Obama launches new techhire initiative - pecanpie
http://m.whitehouse.gov/the-press-office/2015/03/09/fact-sheet-president-obama-launches-new-techhire-initiative

======
zaroth

      The Administration will launch a $100 million H-1B grant competition by
      the Department of Labor to support innovative approaches to training and
      successfully employing low-skill individuals with barriers to training
      and employment including those with child care responsibilities, people
      with disabilities, disconnected youth, and limited English proficient
      workers, among others.
    

The bit about H1-B I think means funded by H1-B fees, not that it has anything
to do with the H1B program. I have a sinking feeling that Obama thinks an "IT
job" is the guy answering helpdesk calls who tells you to check if everything
is plugged in.

An 'interesting' bullet at the very end;

    
    
      Information Technology Industry-Credentialing partnerships. The President’s
      FY2016 budget proposes $300 million to fund IT jobs partnerships between
      regional employers to develop and adopt assessments and credentials that will
      give more people the chance to qualify for a better, higher-paying tech job
      regardless of their pedigree.
    

Shit, I think Starfighter just got its A round! ;-) But of course Starfighter
is the absolute last thing that would ever emerge from a program like this.

What's missing from this press release? Two things in particular stand out to
me; 1) Not a peep about getting more software development / hacking / coding /
scripting / _building_ more firmly into K-12, and 2) Nothing about encouraging
and helping support _startup_ hiring, the actual engine of job creation. How
about a program which helps fund community Maker Studios across the nation?

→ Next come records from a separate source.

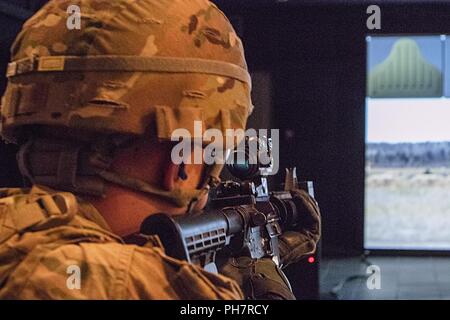 38Th Sustainment Brigade Soldat Sgt. Zachary Grün Brände bei Virtual Targets in der Motivationsfähigkeiten Trainer während der US-Army Central besten Krieger Wettbewerb im Camp Beuhring, Kuwait, am 29. Juni. Grüne ging auf die besten Krieger, den Wettbewerb zu gewinnen. Stockfoto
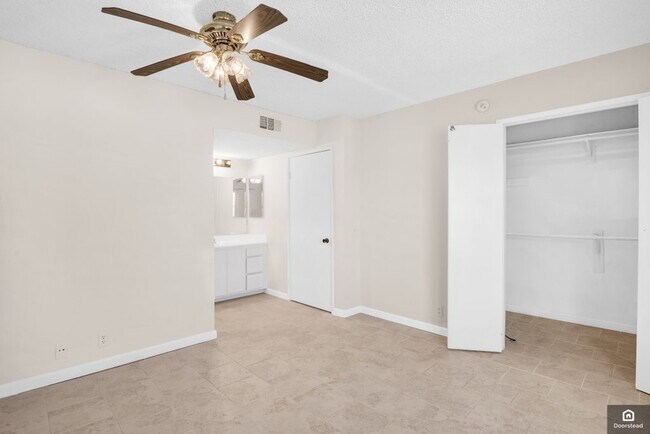 Building Photo - 18411 Hatteras St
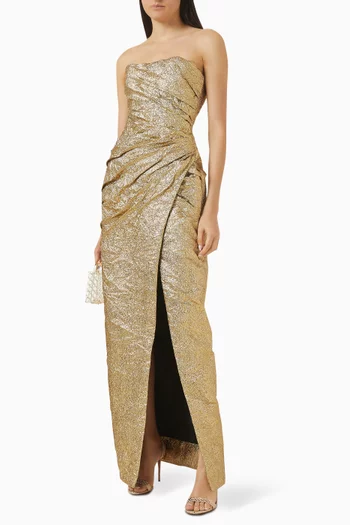 فستان بدون حمالات مزين بكشكش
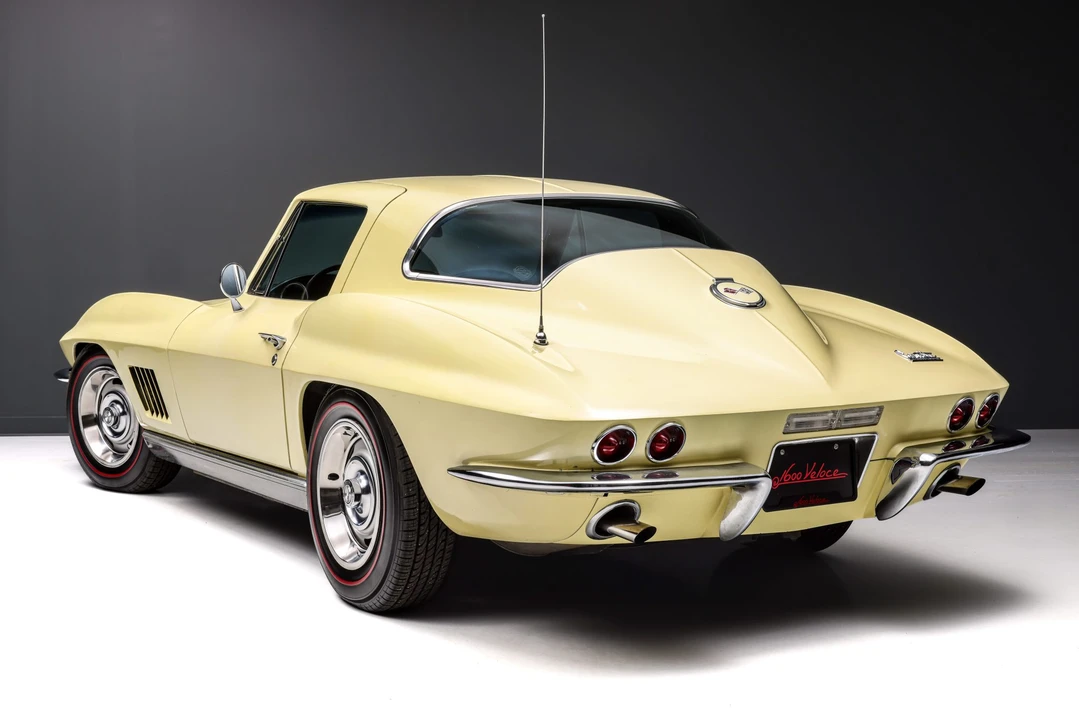 1967 Chevrolet Corvette C2 - Image 5 of 31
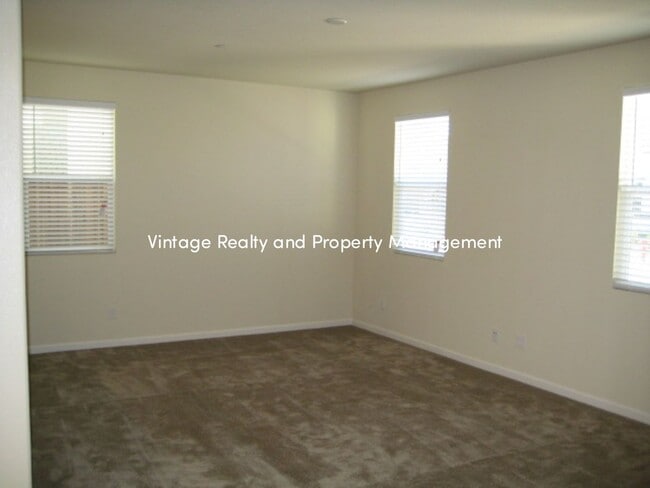 Photo - Available Soon!! Big 4 Bedroom Home That H...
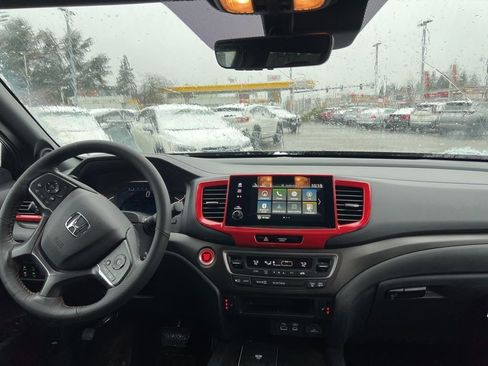 Used 2024 Honda Passport TrailSport image 6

Basically this whole things reads like $400 million of pilot studies which
will go nowhere and do nothing. We'd probably be much better off running a
highly publicized national / crowdsourced business competition to award 5,000
people $10k - $50k grants over the next 5 years. I'm not saying it would _all_
be money well spent, but probably better than the distinct flushing noise I'm
hearing with this one. That, or please just mail $1 back to every citizen.